Ryuta Nakajima, Artist
The quest of modernity has come to its final phase in the form of postmodernism. Many of the past victorious attempts to define “individualism” and “self” seem to have found the wall of linguistic structure and categorization as governing principals of human consciousness. Postmodernism tends to recycle the façade of preexisting methods and theories, thereby creating fragmentation and dislocation. Simultaneously, the presence of computer technology is rapidly reshaping our visual culture by offering the potential for more streamlined production and distribution possibilities.

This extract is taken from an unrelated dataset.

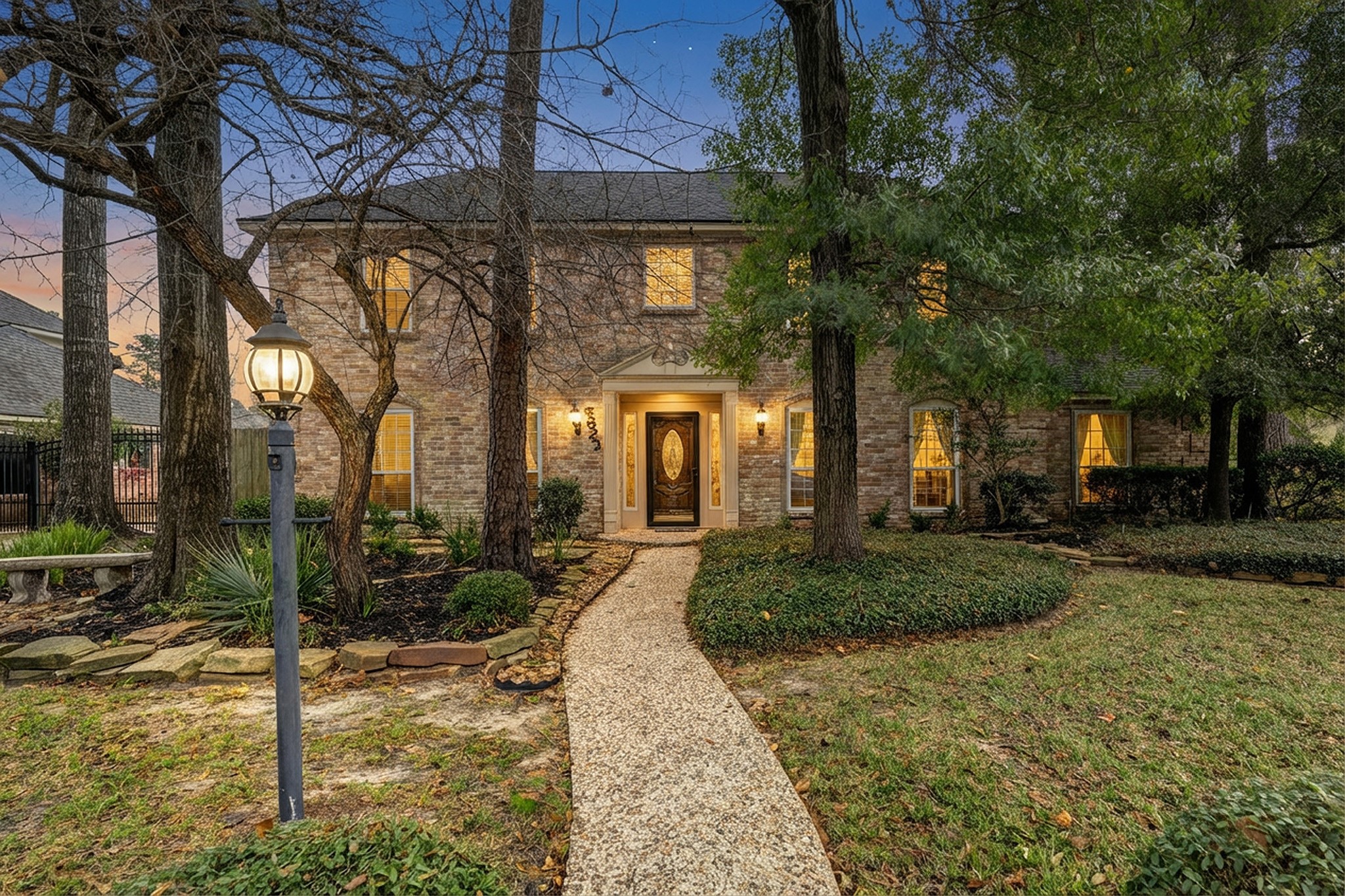 Welcome to 6623 Ampton Way! A fantastic corner lot property located in Wimbledon Estates.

Considering this current environment, it is essential to investigate the effect and implication of the visual culture, by asking such existential questions as, Why do we make images? where do they come from? and what is their primary function? In order to answer these rather difficult questions, my work has focused on the cephalopods (squid, octopus and cuttlefish) adaptive coloration as a biological model that codes and re-maps visual information such as avant-garde paintings, photographs, and video. More specifically, their adaptive coloration is triggered by replacing natural substrates (sand, mud, seaweed, etc.…) with computer-generated images of paintings, photographs and videos. The genetically and evolutionally pure empirical data of squid and cuttlefish may not only uncover certain key information needed to understand the origin of visual communication, but also function as a catalyst that will redirect our culture away from the ever-simulated hyperreality. This, in turn, may create a truly valuable interdisciplinary platform to discuss the current trends in both art and science.